Most of the Congress seems to love a good war. Especially one that’s short and sweet and doesn’t involve our own troops. Send 59 Tomahawk cruise missiles to destroy an airbase, hey, they can rally around that flag. Course, we had to warn the Russians to evacuate and they warned their Syrian allies, but if you want great visuals for TV coverage, nothing beats 59 Tomahawk missiles homing in on one target. Unless it’s 60. We do love air power.
Me, I like to be a bit more judicious when I attack a country whose ally is Russia. Maybe consider the geopolitical consequences. But most Americans like decisiveness. They like revenge. And so what if Iraq turned into a quagmire and the rest of the Middle East is ablaze? We showed those Arabs strength and if there’s one thing we believe, it’s that nations respect strength. You go the route of peaceful negotiation, well, they’ll mock you behind your back. They’ll play you for a chump. Just like we learned watching 1950’s sitcoms, bullies respect the kid who stands up to them. Because deep down they’re cowards….
I used to believe that too. Until I stood up to a couple of them when I was a kid. I got some great lessons. I learned they’re not actually cowards, they’re mean and they’re bullies because they’re assholes. I also learned I really didn’t know how to fight. I got the stuffing beat out of me every time. And I learned that principals and teachers, those folks who say they’ll back you up if you stand up to a bully, they won’t. They’ll drag you down to the office and they’ll call your parents and they’ll lecture you on the senselessness of violence.

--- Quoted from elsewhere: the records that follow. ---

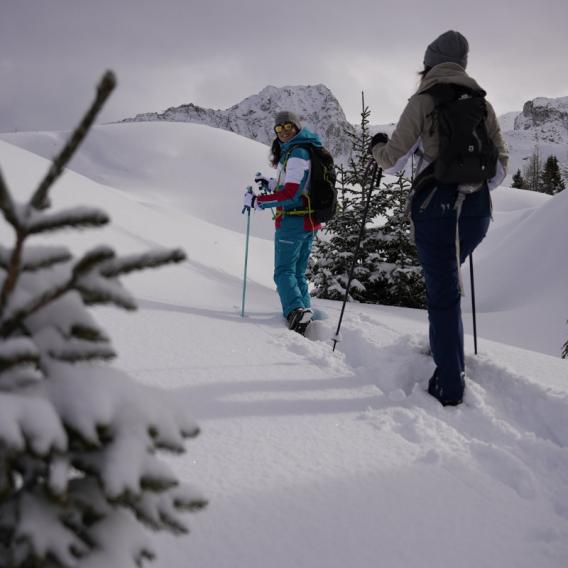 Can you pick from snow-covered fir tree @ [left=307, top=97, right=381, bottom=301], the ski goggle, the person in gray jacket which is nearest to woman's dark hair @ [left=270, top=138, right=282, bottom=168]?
the ski goggle

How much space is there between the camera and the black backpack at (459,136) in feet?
9.19

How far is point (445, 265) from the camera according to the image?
297 cm

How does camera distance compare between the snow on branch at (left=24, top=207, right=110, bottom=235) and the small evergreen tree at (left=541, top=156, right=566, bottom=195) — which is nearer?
the snow on branch at (left=24, top=207, right=110, bottom=235)

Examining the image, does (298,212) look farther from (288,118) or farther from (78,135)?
(78,135)

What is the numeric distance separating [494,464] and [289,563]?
A: 1.24 meters

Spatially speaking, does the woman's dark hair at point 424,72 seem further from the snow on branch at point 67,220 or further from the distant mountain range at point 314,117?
the distant mountain range at point 314,117

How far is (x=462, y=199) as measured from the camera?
2.88 metres

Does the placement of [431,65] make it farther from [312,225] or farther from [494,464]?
[494,464]

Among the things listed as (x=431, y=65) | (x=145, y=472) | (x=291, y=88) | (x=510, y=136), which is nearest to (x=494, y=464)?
(x=145, y=472)

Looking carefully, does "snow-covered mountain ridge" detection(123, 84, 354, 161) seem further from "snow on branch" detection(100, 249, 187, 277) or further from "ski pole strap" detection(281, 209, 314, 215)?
"snow on branch" detection(100, 249, 187, 277)

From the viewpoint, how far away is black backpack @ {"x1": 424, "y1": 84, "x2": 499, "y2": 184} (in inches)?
110

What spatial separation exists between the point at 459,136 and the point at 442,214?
465 millimetres

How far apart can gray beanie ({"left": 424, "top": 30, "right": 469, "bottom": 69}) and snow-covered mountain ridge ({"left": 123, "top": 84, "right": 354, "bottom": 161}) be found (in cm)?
15656

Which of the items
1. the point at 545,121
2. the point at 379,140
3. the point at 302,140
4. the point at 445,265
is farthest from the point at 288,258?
the point at 545,121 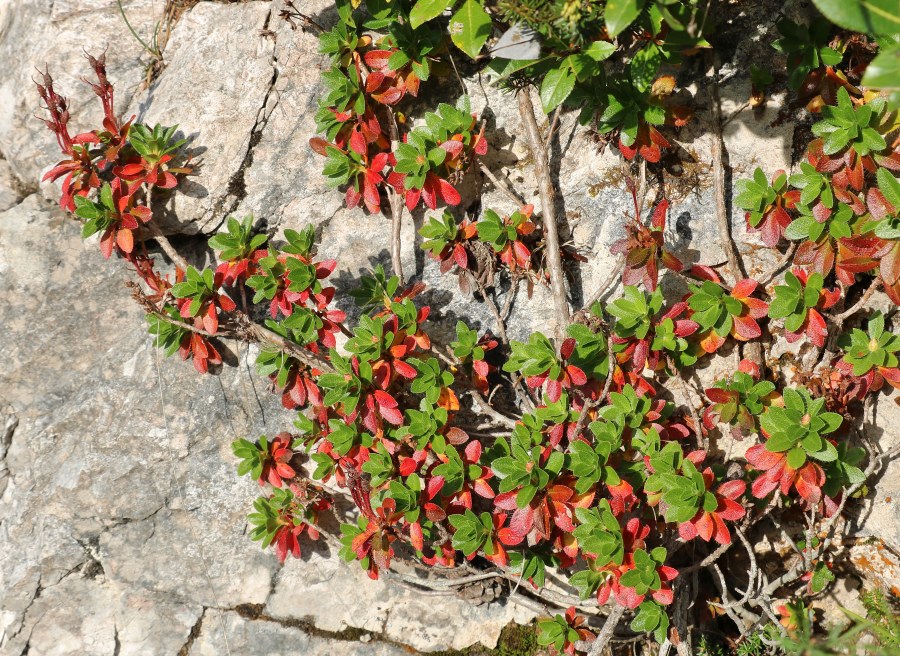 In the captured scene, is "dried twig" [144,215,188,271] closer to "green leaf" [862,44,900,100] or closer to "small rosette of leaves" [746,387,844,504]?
"small rosette of leaves" [746,387,844,504]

My parents, raised in hard scrabble small towns in the backwashes of Maine, told me you only fight when someone hits you first, but then you knock the bejabbers out of them. If you can. Trouble is, you have to wait for that first punch. And that first punch, more often than not, finished me off. Somewhere around the start of high school I decided that I wasn’t the cop who righted wrongs. If I wasn’t attacked, then a better plan was to avoid the punks and the thugs. Not every wrong was a call to battle.
Trump ran on something similar. It was one thing I liked about him, maybe the only thing. It’s hard to tell what this guy believes, but one thing is for sure, whatever it is, it can change overnight. Keeps the enemy off balance. Actually, keeps all of us off balance.